Each result will provide a transcript and image of the original record. The information included on the transcript will vary depending on whether your ancestor was an assisted or unassisted passenger, although most will include your ancestors name, passage type, birth year, nationality, departure port, arrival port and the dates of their travels.

Scotland – Parish Records

The Scotland Non-Old Parish Registers Vital Records 1647-1875 found at Findmypast is a collection of registers created by churches outside of the established church. It contains over 12,000 transcripts of births, marriages, and deaths.

Non-old parish registers are different from the Church of Scotland’s old parish records.

Though these are only transcripts and do not include a digital image of the original, you may find the following information on the records included in this collection:

With each result you will be provided with a transcript of the details found in the original source material. The detail in each transcript can vary depending on the event type and the amount of information that was recorded at the time of the event. Here are some of the facts you may find in the records:

  • Name
  • Birth year, date, and place
  • Event year
  • Event type – birth, marriage, or death
  • Register name
  • Parish and county

United States – Freedmen’s Bureau Records

FamilySearch has updated their magnificent collection of United States Freedmen’s Bureau, Records of Freedmen, 1865-1872. Records found in this collection include census returns, registers, and lists of freedmen. They also include letters and endorsements, account books, applications for rations, and much more. Many of the records will hold valuable genealogical data.

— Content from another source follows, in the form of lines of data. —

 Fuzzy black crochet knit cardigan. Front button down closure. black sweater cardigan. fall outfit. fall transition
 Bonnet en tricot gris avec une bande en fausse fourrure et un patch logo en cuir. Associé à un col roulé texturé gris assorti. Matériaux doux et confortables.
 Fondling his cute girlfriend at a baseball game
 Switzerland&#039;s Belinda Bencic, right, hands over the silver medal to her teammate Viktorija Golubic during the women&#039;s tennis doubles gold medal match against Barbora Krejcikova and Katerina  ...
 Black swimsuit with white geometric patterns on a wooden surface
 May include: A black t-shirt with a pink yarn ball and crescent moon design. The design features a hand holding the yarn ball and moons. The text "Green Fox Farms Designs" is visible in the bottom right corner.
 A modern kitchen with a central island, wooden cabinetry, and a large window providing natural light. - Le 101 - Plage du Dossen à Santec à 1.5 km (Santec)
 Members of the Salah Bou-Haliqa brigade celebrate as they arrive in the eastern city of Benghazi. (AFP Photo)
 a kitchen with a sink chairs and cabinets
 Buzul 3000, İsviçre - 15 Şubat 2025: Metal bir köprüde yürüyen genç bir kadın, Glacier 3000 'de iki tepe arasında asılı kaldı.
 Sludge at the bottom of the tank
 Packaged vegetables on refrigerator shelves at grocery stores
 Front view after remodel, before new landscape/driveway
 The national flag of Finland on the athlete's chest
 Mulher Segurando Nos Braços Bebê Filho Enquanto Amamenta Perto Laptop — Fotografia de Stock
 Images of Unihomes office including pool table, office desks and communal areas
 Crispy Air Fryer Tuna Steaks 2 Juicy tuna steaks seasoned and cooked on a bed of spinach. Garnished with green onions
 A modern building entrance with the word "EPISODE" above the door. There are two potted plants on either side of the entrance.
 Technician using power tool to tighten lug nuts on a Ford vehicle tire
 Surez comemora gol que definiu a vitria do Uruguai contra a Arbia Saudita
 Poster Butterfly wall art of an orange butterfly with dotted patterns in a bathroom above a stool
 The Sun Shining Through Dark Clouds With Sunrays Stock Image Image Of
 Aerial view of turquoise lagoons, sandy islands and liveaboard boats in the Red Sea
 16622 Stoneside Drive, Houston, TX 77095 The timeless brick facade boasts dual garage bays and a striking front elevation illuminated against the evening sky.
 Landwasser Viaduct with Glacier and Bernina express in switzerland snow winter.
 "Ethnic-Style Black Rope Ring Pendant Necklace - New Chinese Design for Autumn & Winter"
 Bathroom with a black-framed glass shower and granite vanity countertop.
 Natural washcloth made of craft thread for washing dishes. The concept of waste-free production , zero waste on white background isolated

For a complete list and coverage table of the full collection, click here.

United States – Marriages – Oregon and Utah

Ancestry.com has recently updated two marriage collections. The Oregon, County Marriages, 1851-1975 and the Weber and Piute Counties, Utah, County Marriages, 1887-1940 have some new records. Marriage records will often provide many helpful genealogical details. Depending on the year, you may find:

  • Name of the groom and bride
  • Date and place of the event
  • Birth dates and places of bride and groom
  • Names of parents of both bride and groom
  • How many previous marriages and marital status
  • Place of residence of bride and groom

United States – Washington – Newspapers

Washington State historic newspapers added to their digital collection of newspapers this week. With nearly 50,000 digitized pages from historical newspapers based in Centralia, Eatonville, Tacoma, and Spokane newest titles include the Centralia Daily Hub (1914-16), The Eatonville Dispatch (1916-61) and Den Danske Kronike (1916-17), a Danish-English publication based in Spokane.

The Centralia and Eatonville papers were added this month and Den Danske Kronike was added last summer, along with the Tacoma Evening Telegraph (1886-87).

You will be able to search this newspaper collection for free from the Washington State Library website.